• YOUR INSTRUCTIONS: The entries below must be transcribed exactly. Leave nothing out.

Collection entries:
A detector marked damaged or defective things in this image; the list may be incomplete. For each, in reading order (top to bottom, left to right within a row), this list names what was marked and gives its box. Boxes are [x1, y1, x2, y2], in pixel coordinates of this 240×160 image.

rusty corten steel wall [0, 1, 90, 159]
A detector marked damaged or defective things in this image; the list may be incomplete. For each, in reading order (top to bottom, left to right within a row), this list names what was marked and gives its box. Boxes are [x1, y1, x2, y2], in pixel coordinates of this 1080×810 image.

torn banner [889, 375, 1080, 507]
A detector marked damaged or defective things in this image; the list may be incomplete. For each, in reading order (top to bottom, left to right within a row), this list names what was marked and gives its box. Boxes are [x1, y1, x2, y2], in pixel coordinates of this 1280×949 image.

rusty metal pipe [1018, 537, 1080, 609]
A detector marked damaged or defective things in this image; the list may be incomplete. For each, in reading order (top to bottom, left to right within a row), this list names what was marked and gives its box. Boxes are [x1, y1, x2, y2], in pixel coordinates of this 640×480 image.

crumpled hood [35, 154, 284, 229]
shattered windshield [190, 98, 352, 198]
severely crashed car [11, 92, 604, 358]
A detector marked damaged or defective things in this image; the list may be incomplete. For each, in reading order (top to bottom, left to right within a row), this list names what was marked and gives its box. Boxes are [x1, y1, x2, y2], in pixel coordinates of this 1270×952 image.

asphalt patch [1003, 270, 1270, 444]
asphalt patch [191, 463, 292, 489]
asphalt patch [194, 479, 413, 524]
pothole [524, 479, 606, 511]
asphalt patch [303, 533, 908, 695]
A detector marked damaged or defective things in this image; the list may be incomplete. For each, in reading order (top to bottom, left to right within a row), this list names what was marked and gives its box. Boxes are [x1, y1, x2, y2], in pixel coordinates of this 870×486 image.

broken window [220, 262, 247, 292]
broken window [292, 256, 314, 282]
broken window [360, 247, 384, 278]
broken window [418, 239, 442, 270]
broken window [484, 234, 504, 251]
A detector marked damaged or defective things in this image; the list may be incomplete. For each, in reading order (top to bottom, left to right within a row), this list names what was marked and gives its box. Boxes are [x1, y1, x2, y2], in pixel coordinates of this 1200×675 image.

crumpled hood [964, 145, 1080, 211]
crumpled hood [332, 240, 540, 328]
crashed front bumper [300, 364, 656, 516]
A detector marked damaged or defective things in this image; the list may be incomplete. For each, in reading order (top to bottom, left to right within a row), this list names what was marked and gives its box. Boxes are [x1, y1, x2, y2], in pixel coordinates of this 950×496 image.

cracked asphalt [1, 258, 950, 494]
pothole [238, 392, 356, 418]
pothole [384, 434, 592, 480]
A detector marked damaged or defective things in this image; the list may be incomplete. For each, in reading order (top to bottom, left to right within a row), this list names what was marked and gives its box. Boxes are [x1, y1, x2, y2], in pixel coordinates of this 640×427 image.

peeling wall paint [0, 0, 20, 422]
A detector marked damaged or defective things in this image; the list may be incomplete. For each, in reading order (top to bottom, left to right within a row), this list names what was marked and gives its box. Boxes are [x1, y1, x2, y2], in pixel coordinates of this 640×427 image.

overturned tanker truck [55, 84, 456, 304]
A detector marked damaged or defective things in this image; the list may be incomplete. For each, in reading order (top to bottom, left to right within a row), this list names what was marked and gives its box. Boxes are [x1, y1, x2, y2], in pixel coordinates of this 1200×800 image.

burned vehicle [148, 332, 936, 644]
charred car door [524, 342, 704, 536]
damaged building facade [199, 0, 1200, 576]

• RESULT FOR THIS EXERCISE:
A detector marked damaged or defective things in this image; the list may be incomplete. For each, in reading order (top to bottom, left to right within a row), this list names what was marked and gives its box. Boxes are [x1, y1, x2, y2], in pixel coordinates of this 240×160 image.

rusty corten steel wall [0, 1, 90, 159]
A detector marked damaged or defective things in this image; the list may be incomplete. For each, in reading order (top to bottom, left to right within a row), this list names what was marked and gives its box. Boxes are [x1, y1, x2, y2], in pixel coordinates of this 1080×810 image.

torn banner [889, 375, 1080, 507]
A detector marked damaged or defective things in this image; the list may be incomplete. For each, in reading order (top to bottom, left to right within a row), this list names what was marked and gives its box. Boxes are [x1, y1, x2, y2], in pixel coordinates of this 1280×949 image.

rusty metal pipe [1018, 537, 1080, 609]
A detector marked damaged or defective things in this image; the list may be incomplete. For each, in reading order (top to bottom, left to right within a row), this list names what was marked and gives its box. Boxes are [x1, y1, x2, y2], in pixel coordinates of this 640×480 image.

crumpled hood [35, 154, 284, 229]
shattered windshield [190, 98, 352, 198]
severely crashed car [11, 92, 604, 358]
A detector marked damaged or defective things in this image; the list may be incomplete. For each, in reading order (top to bottom, left to right within a row), this list names what was marked and gives its box. Boxes are [x1, y1, x2, y2], in pixel coordinates of this 1270×952 image.

asphalt patch [1003, 270, 1270, 444]
asphalt patch [191, 463, 292, 489]
asphalt patch [194, 479, 413, 524]
pothole [524, 479, 606, 511]
asphalt patch [303, 533, 908, 695]
A detector marked damaged or defective things in this image; the list may be incomplete. For each, in reading order (top to bottom, left to right within a row), this list names what was marked and gives its box. Boxes are [x1, y1, x2, y2], in pixel coordinates of this 870×486 image.

broken window [220, 262, 247, 292]
broken window [292, 256, 314, 282]
broken window [360, 247, 384, 278]
broken window [418, 239, 442, 270]
broken window [484, 234, 504, 251]
A detector marked damaged or defective things in this image; the list may be incomplete. For each, in reading order (top to bottom, left to right within a row), this list names what was marked and gives its box. Boxes are [x1, y1, x2, y2], in pixel coordinates of this 1200×675 image.

crumpled hood [964, 145, 1080, 211]
crumpled hood [332, 240, 540, 328]
crashed front bumper [300, 364, 656, 516]
A detector marked damaged or defective things in this image; the list may be incomplete. For each, in reading order (top to bottom, left to right within a row), this list names what was marked and gives its box. Boxes are [x1, y1, x2, y2], in pixel coordinates of this 950×496 image.

cracked asphalt [1, 258, 950, 494]
pothole [238, 392, 356, 418]
pothole [384, 434, 592, 480]
A detector marked damaged or defective things in this image; the list may be incomplete. For each, in reading order (top to bottom, left to right within a row), this list names what was marked and gives its box. Boxes are [x1, y1, x2, y2], in pixel coordinates of this 640×427 image.

peeling wall paint [0, 0, 20, 422]
A detector marked damaged or defective things in this image; the list may be incomplete. For each, in reading order (top to bottom, left to right within a row), this list names what was marked and gives its box. Boxes are [x1, y1, x2, y2], in pixel coordinates of this 640×427 image.

overturned tanker truck [55, 84, 456, 304]
A detector marked damaged or defective things in this image; the list may be incomplete. For each, in reading order (top to bottom, left to right within a row), this list names what was marked and gives its box. Boxes are [x1, y1, x2, y2], in pixel coordinates of this 1200×800 image.

burned vehicle [148, 332, 936, 644]
charred car door [524, 342, 704, 536]
damaged building facade [199, 0, 1200, 576]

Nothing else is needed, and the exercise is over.